▸ Work request: Only the lines from the first line of the data through the line containing "AMOLED Smart Watch" belong in the answer, transcribed exactly; pictures do not.

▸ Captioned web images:
____

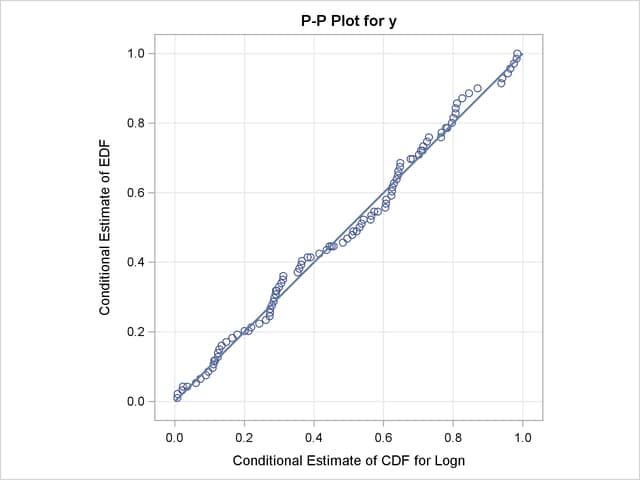 P-P Plots for the Lognormal and Weibull Models Fitted to Truncated and Censored Data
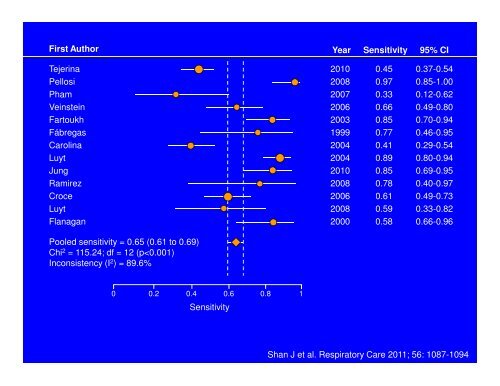 Ventilator Ventilator-Associated Associated Pneumonia Pneumonia ...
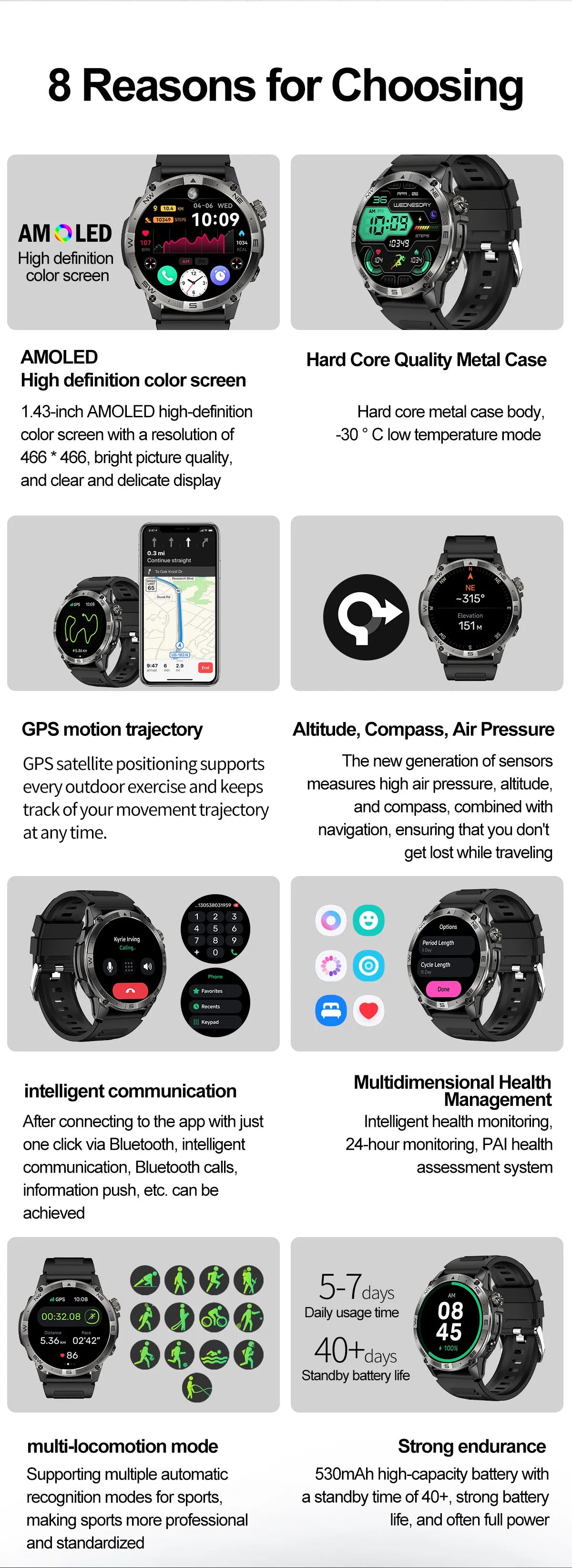AMOLED Smart Watch - North Edge - GPS Smartwatch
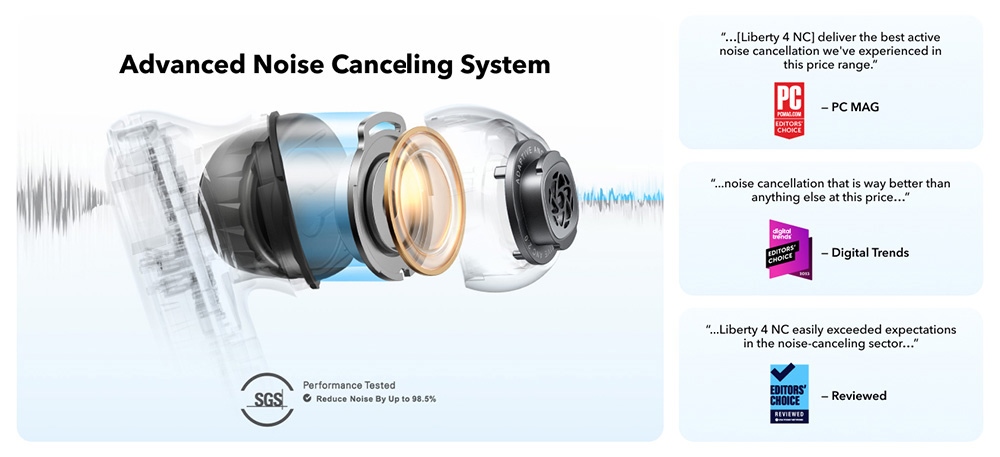 Soundcore Liberty 4 NC Earbuds TWS Headphones, Adaptive ANC 2.0, Bluetooth 5.3, IPX4 Waterproof, Fast Charging - Black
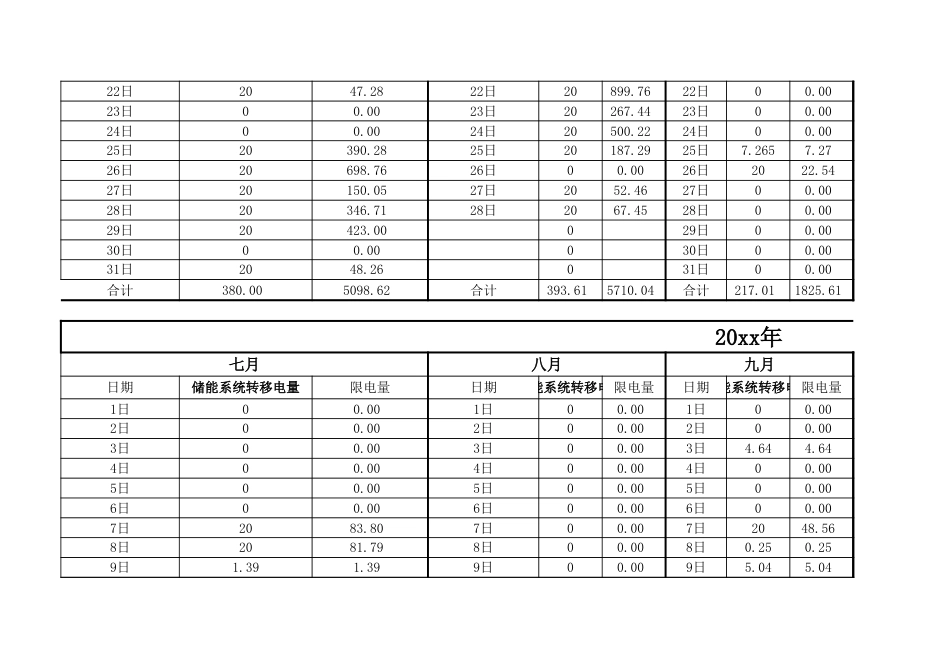 风电场储能系统投资收益计算表_第2页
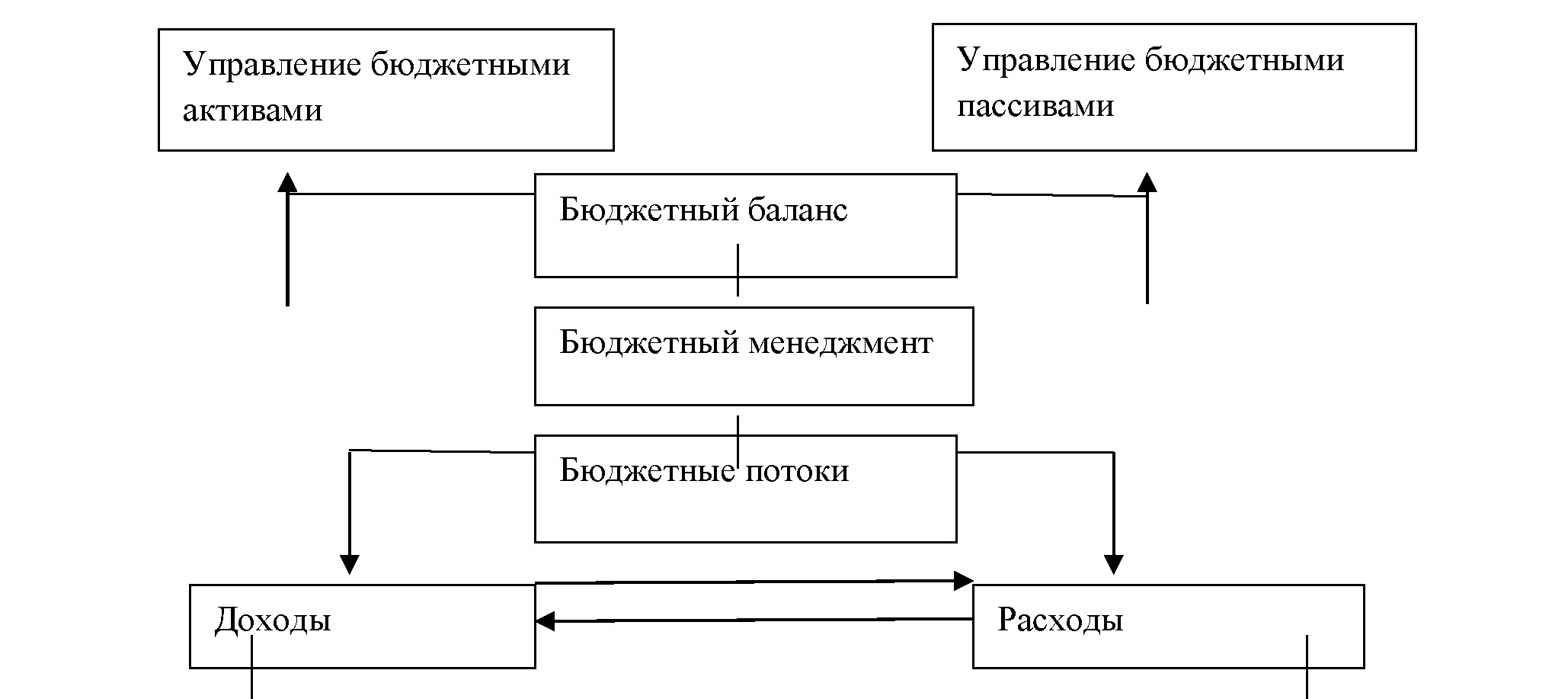 Совершенствование бюджетного менеджмента в современном Казахстане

____

▸ Exercise answer:
 P-P Plots for the Lognormal and Weibull Models Fitted to Truncated and Censored Data
 Ventilator Ventilator-Associated Associated Pneumonia Pneumonia ...
AMOLED Smart Watch - North Edge - GPS Smartwatch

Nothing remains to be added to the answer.